Interpretability in Data-Centric ML

Slides: [pdf, pptx]

Introduction to Interpretable ML

Interpretability is the degree to which a human can understand the cause of a decision of an ML model.

Interpretability is important for three reasons:

  1. Debugging a model to improve performance and validating that the model will perform correctly in the real world.
  2. Reviewing incorrect decisions that were made after deployment
  3. Improving usability of models when being actively used by decision-makers.

Why do we care about interpretable features?

Consider the following examples of explanations on the California Housing Dataset. In this dataset, each row represents one block of houses in California. Our goal is to use ML models to predict the median house price of houses in each block.

Take a look at the image below, which visualizes a decision tree model trained for this purpose. Decision trees are usually considered very interpretable models, because you can follow their logic through a series of simple yes/no questions. Do you feel like this visualization offers you anything towards understanding how the model makes predictions about house prices?

Decision tree classifier

The visualization above displays features generated from running a principal component analysis on the original feature set. This is a powerful algorithm that reduces the size of a feature space and can improve generalizability of models, but also reduces the interpretability of their features.

Next, consider the two images below, both offering feature importance explanations of models trained on the California Housing Dataset. The first was trained on a set of automatically engineered features, while the second uses the basic features that come with the dataset. Both models have similar performance (r2 ~ 0.85), but you may find the second explanation much easier to reason about.

Automatically engineered features are not interpretable

Original basic features are interpretable

Performance and Interpretability

You may have heard of (or assumed the existance of) a “performance/interpretability tradeoff”. In other words, as you modify your features to be more interpretable, you might expect the performance of your model to decrease. In theory, this is a logical assumption - how could adding additional constraints on your feature space not result in a performance reduction?

In reality, we don’t have access to infinite resources or data — we can’t try every possible configuration of data. When we look at how machine learning behaves on real-world examples, we see that adding interpretability to features and models actually tends to lead to more efficient training, better generalization, and fewer adversarial examples (Rudin, 2018, Ilyas et al., 2019).

Having interpretable features ensures that our model is using information that we know is relevant to our target, thus reducing the chance of the model picking up on spurious correlations.

In the situations where we do see a performance/interpretability trade-off, it’s up to you — the ML engineer — to consider the domain at hand to understand the relative importance of performance vs. interpretability, which changes from case-to-case.

What are interpretable features really

Interpretable features are those that are most useful and meaningful to the user (i.e., whoever will be using the explanations). Unfortunately, what this means varies heavily between user groups and domains.

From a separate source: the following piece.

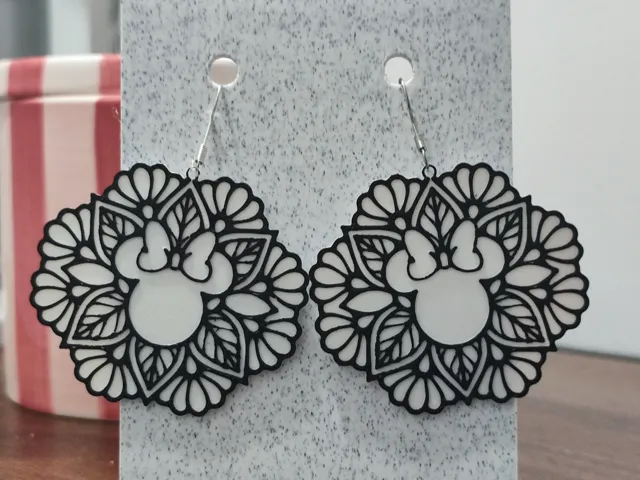 Aretes Mandala "Magia Secreta"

There are many properties that relate to feature interpretability (Zytek et al., 2022). A few to consider include:

  1. Readability: Do users understand what the feature refers to at all? Codes like X1 are not readable, and should be replaced with natural-language descriptions.
  2. Understandability: Can your users reason about the feature value? It’s often easier to reason directly about real-world values than values that have been standardized or otherwise engineered. For example, thinking about income in direct dollar values ($50,000) is easier than thinking about a normalized measure of income (.67).
  3. Meaningfulness/Relevancy: Users have an easier time trusting, and are therefore more likely to use, models that use information that they believe is important.
  4. Abstract Concepts: Depending on your user-base and their expertise, it may be valuable to condense features into digestible abstract concepts — for example, combine detailed information about the area into a single metric of “neighborhood quality”. There is a tradeoff here — using abstract concepts can (sometimes nefariously) hide important information.

The table below shows some examples of features and their properties.

Characteristics of interpretable features

How do we get interpretable features?

[Feature engineering] is the first step to making an interpretable model, even if we don’t have any model yet (Hong et al., 2020)

There are three main approaches to interpretable feature generation:

  1. Including users (or at least humans of some kind) in the feature generation process
  2. Transforming explanations separate from data
  3. Using automated feature generation algorithms that factor in interpretability

Including the User

Traditionally in design tasks, users are included through the iterative design process. In short: include your users in every step of the process (including feature engineering!) and iterate based on their feedback.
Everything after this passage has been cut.